TAMPA, FL - NOVEMBER 5: Wide Receivers coach Curtis Johnson of the New Orleans Saints looks on during the game against the Tampa Bay Buccaneers on November 5, 2006 at Raymond James Stadium in Tampa, Florida. The Saints defeated the Bucs 31-14. (Photo by Doug Benc/Getty Images)
Doug Benc/Getty Images

The New Orleans Saints are known for Drew Brees and their high-powered offense. People know of Sean Payton as the gusty play caller and head coach of the Saints. They recognize Gregg Williams and his high-octane aggressive defense. The media knows about Jimmy Graham, Marques Colston, Darren Sproles, Mark Ingram, Lance Moore and all of the weapons in the Saints' offense.

However, what most people don't know about is wide receivers coach Curtis Johnson.

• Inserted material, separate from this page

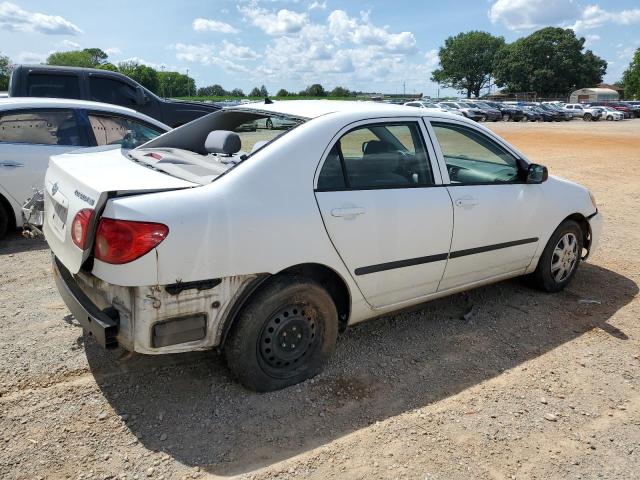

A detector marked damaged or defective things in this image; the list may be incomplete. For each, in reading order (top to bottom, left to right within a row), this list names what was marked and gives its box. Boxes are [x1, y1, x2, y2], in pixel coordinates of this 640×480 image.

damaged white sedan [43, 99, 600, 392]
damaged white car [43, 99, 600, 392]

Johnson started his coaching career in 1987 as the receivers coach for his alma mater, the University of Idaho. He slowly worked his wake up the ranks as a wide receivers coach until he was hired to join Payton's staff in 2006. Before joining the Saints, Johnson coached receivers at Miami University. There he coached up guys like Andre Johnson, Reggie Wayne, Santana Moss and Roscoe Parrish.

While with the Saints, Johnson has worked with many different receivers, most notably Marques Colston, Devery Henderson, Lance Moore and Robert Meachem. The only one of these receivers that was a Saint when Johnson arrived was Henderson.

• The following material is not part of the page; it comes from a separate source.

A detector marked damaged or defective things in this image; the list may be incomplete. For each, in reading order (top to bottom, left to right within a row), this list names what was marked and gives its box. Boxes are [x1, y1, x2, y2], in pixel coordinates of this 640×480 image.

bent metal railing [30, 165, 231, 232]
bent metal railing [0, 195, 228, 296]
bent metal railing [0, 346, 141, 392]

For the early part of Henderson's career, he was known for dropping the football. Johnson has been able to turn the LSU second-round pick into a reliable receiver and great deep threat. Drops have not been nearly as much of a problem for Henderson the last few years, and he is still one of the best deep threats in all of football.

Johnson coached up a seventh-round pick out of Hofstra in Colston. Coaches told Colston that he may have to play tight end in the NFL because of his size, but Johnson was able to take this big kid from Hofstra and turn him into a very good No. 1 receiver for the Saints.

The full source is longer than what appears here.